# Central AL GTG 1-9-16



## BigAl205 (May 20, 2009)

Big Al's Big Event!

This will be at my house in Hayden, AL, which is about 25 miles north of Birmingham and 1 mile off I-65. I'm trying to work it out so a few people can get away before school starts back and a couple are driving thru.


The specifics:

Where- Hayden, AL
Date- January 9, 2015
Time- 9AM til about 8-ish
Food- Snacks, drinks, and lunch will be provided.
Stuff you'll need- Bring your chair, camera, and possibly a jacket.

1) Alan (BigAl205)- 2015 Ford Explorer
2) Jon (dejo) Tahoe?
3) Erin (erinh) Honda Civic
4) Mark (Psyko) '07 Ford Mustang
5) Scott (Babs) 08 Si Sedan steaming hot mess
6) Glenn- Dodge Ram quad-cab
7) Chris (HillbillySQ) Dodge Ram





Hillbilly SQ said:


> Cars always seem to sound better when the heat isn't oppressive.


You've got that right, you could demo for an hour and not break a sweat 



ErinH said:


> yep. I'll be there, y0!


Sweet!


----------



## ErinH (Feb 14, 2007)

let's get this a little bump for exposure.


----------



## maggie-g (Aug 20, 2014)

do you really want Al exposed all that much? could get ugly. lol.


----------



## BigAl205 (May 20, 2009)

BigExposure


----------



## Hillbilly SQ (Jan 26, 2007)

There's already a handful of good people that have committed to attending this. And for once I won't be the one traveling the furthest.


----------



## ErinH (Feb 14, 2007)

being in January, I think, may work out well. Sure, it'll be dang cold most likely but at least you won't be sweating your tail off inside of a hot car.


----------



## BigAl205 (May 20, 2009)

ErinH said:


> being in January, I think, may work out well. Sure, it'll be dang cold most likely but at least you won't be sweating your tail off inside of a hot car.

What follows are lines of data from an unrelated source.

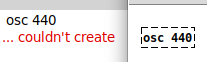 Couldn't create osc 440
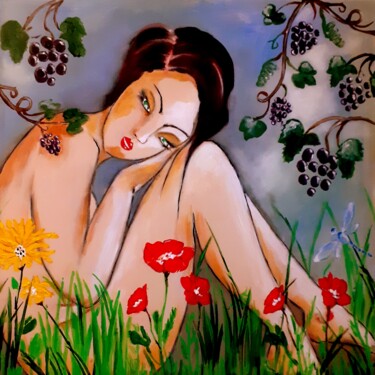 Painting titled "Détente toscane" by Marie Bony, Original Artwork, Acrylic Mounted on Wood Stretcher frame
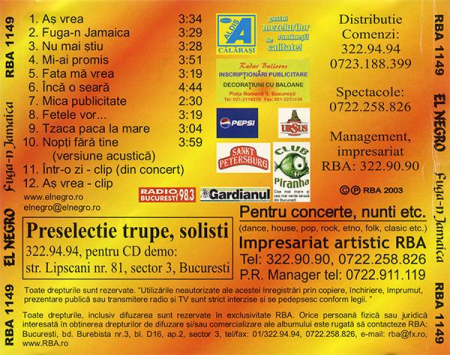 El Negro - Fuga-n Jamaica , (CD) [1]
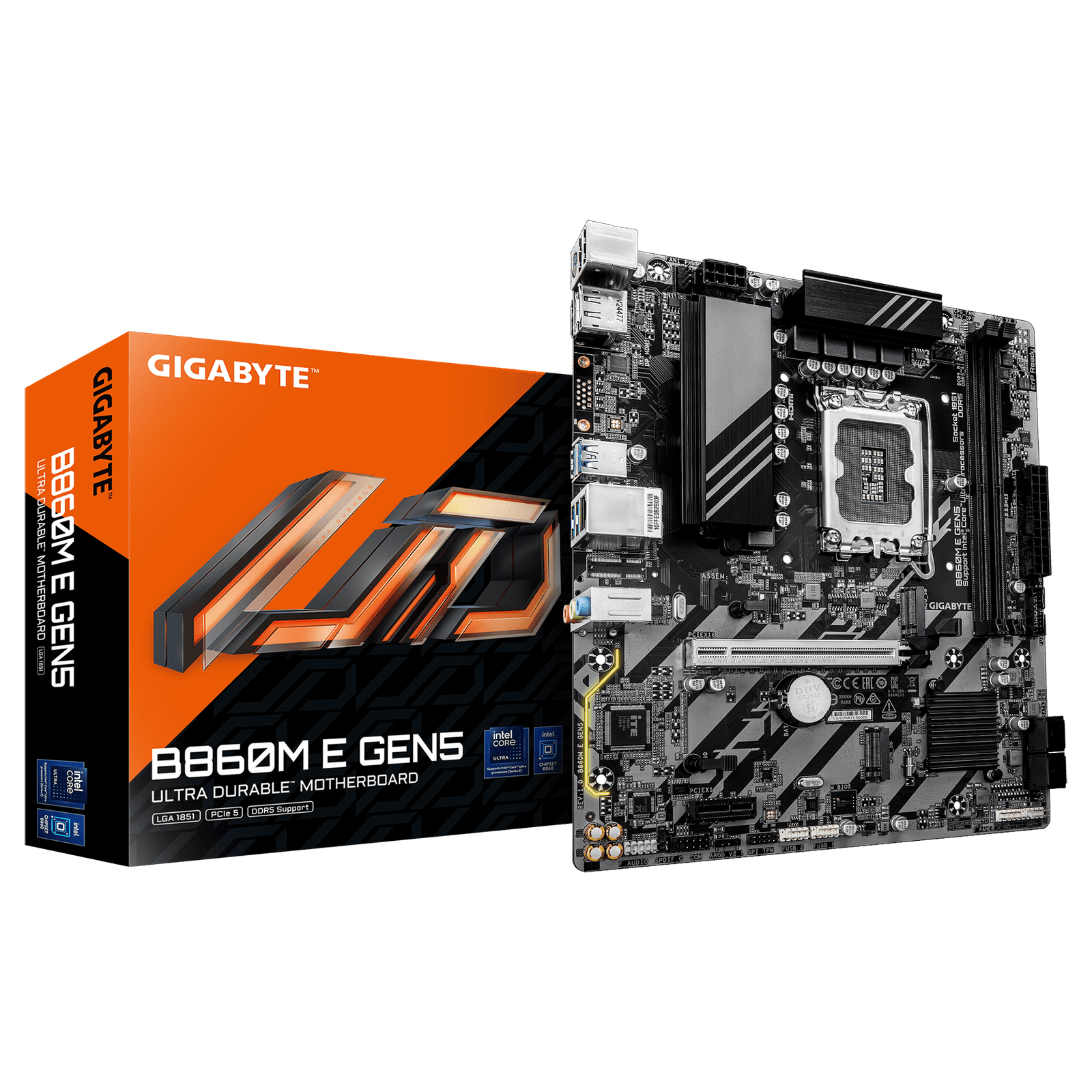 Gigabyte B860M E GEN5 | Processor family Intel | Processor socket LGA1851 | DDR5 | Number of SATA connectors 4 | Supported hard disk drive interfaces SATA, M.2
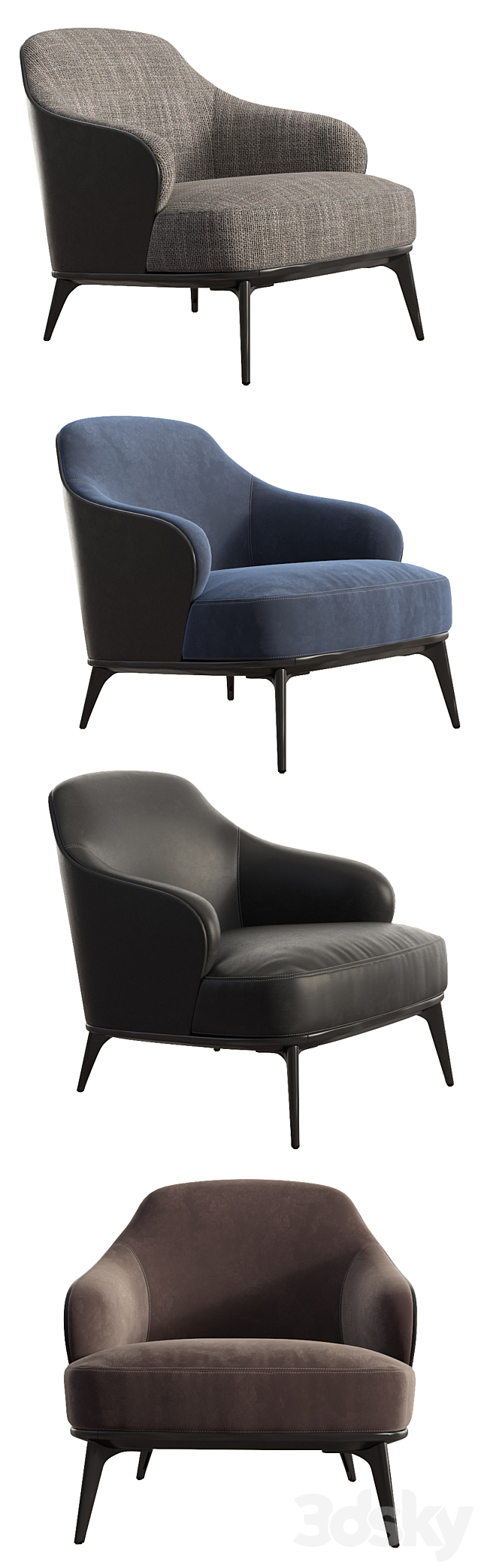 Leslie Armchair Minotti 3ds Max - thumbnail 2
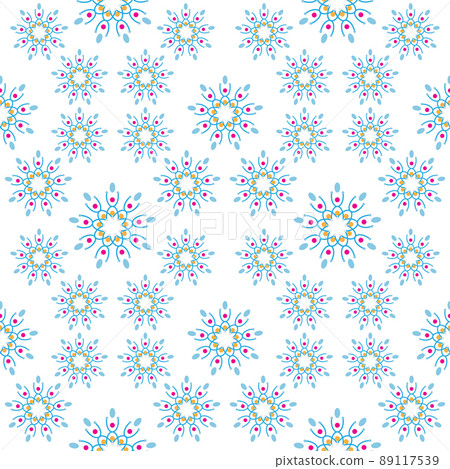 Beautiful seamless geometric flowers pattern. Abstract floral background design template. Colorful stylish graphic design. Tileable retro ornament. white, Blue, pink, beige Beautiful seamless geometric flowers pattern. Abstract floral background design template. Colorful stylish graphic design. Tileable retro ornament. white, Blue, pink, beige 89117539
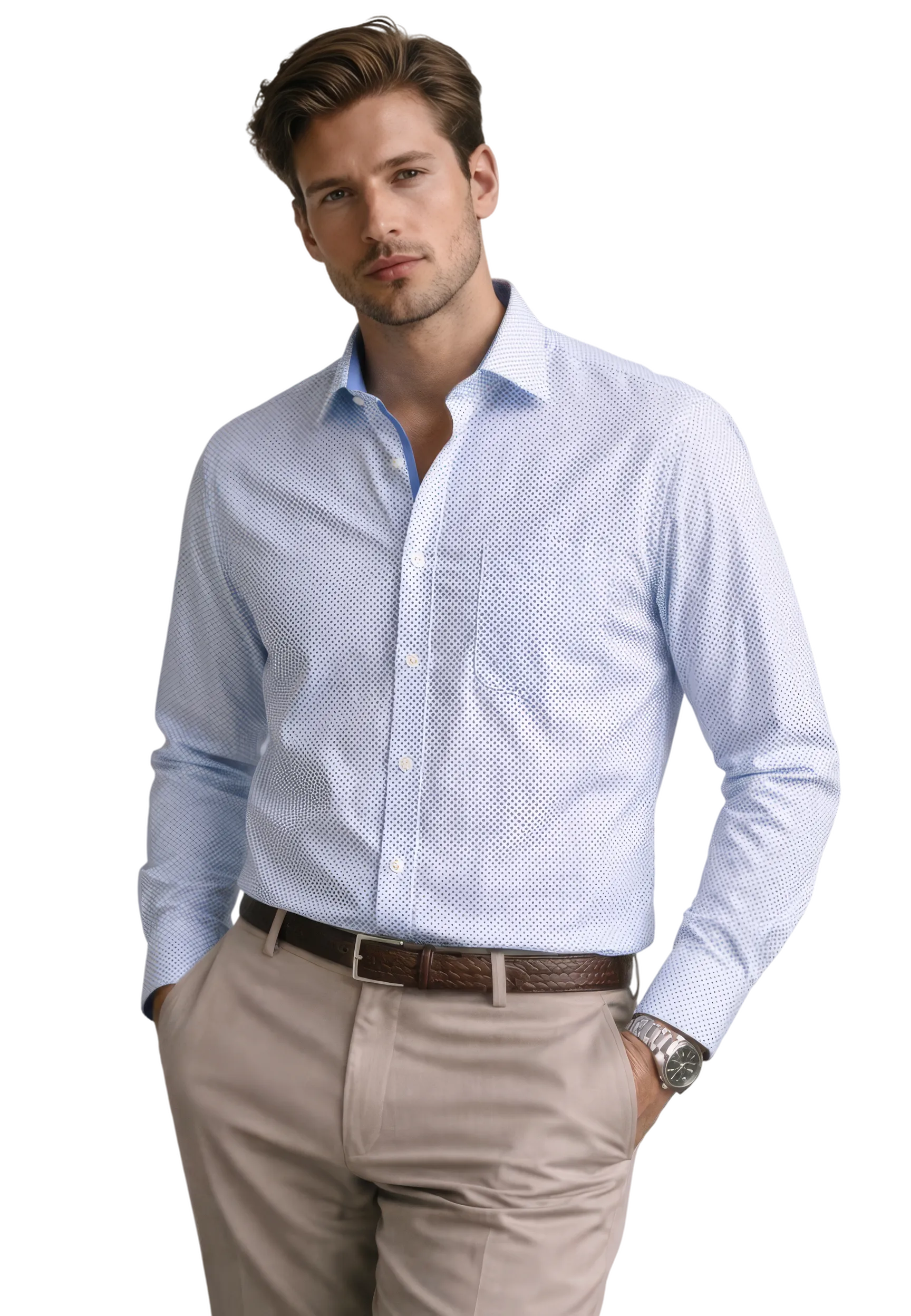 Pisa New Kent a manica lunga regular fit con contrasto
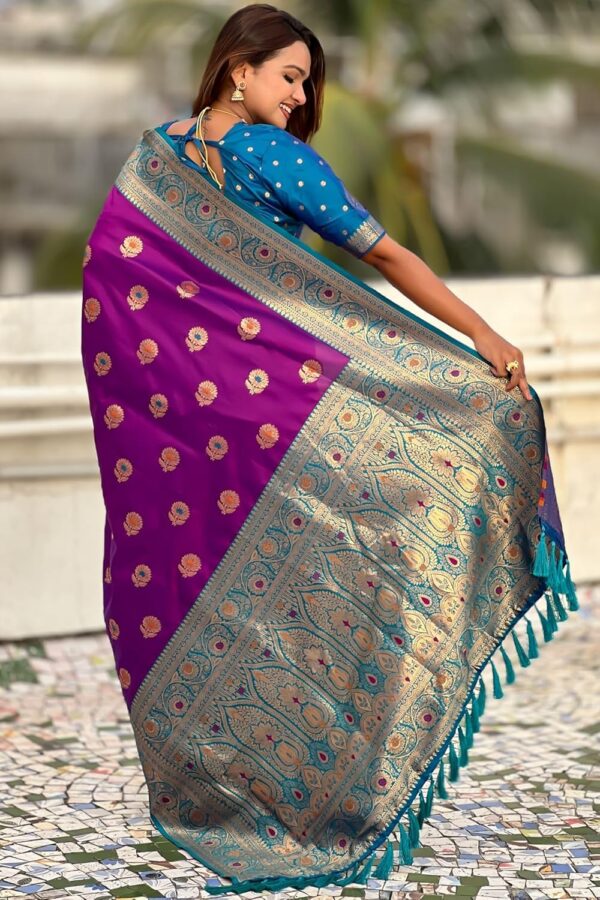 SGF11 Women's Kanjivaram Pure Soft Silk Saree With Unstitched Blouse Piece - Image 4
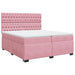 Pat box spring cu saltea, roz, 200x200 cm, catifea - WALTI WALTI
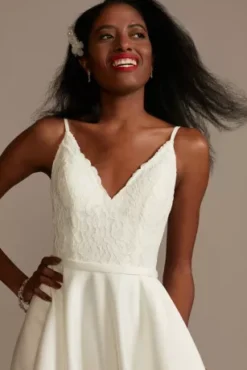 Scalloped Lace Satin Wedding Dress -Floral Applique Dresses Shop WG4034 IVORY DBSTU PROD3 336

Don't forget, it's Central Alabama. It could be mid-70's 

http://www.diymobileaudio.com//www.pinterest.com/pin/create/extension/


----------



## Hillbilly SQ (Jan 26, 2007)

Is the north-central Bama area weather as moody as the central Arkansas area? I think NC has AR beat and I didn't think that was possible.


----------



## Guest (Nov 16, 2015)

BigAl205:
Please pencil me in to attend... hoping to be there.... but with two small children plus January being the start of my busy season... just pencil me in...

Hope to be there !


----------



## BigAl205 (May 20, 2009)

Consider yourself penciled. Just two months away









1) Alan (BigAl205)- 2015 Ford Explorer
2) Jon (dejo) Tahoe?
3) Erin (erinh) Honda Civic
4) Mark (Psyko) '07 Ford Mustang
5) Scott (Babs) 08 Si Sedan steaming hot mess
6) Glenn (Glenn







) Dodge Ram Quad-cab
7) Chris (HillbillySQ) Dodge Ram
8) James (SublimeZ) 12 GMC Sierra ext cab
9) Jeremy (Sq_tsx) Acura TSX...tentative


----------



## Tsmith (Dec 17, 2008)

Big Al. You know I will be there if I am not working that day. I would never miss a chance to hang with the Alabama Gang!


----------



## bigbubba (Mar 23, 2011)

I would love to go to this but my car will be in the middle of a revamp around that time, hopefully.


----------



## jode1967 (Nov 7, 2012)

you dont have to have an operational soundsystem to come and enjoy the time


----------



## bigbubba (Mar 23, 2011)

This is very true. If I get off my ass and finish my truck at least I could have something to listen too.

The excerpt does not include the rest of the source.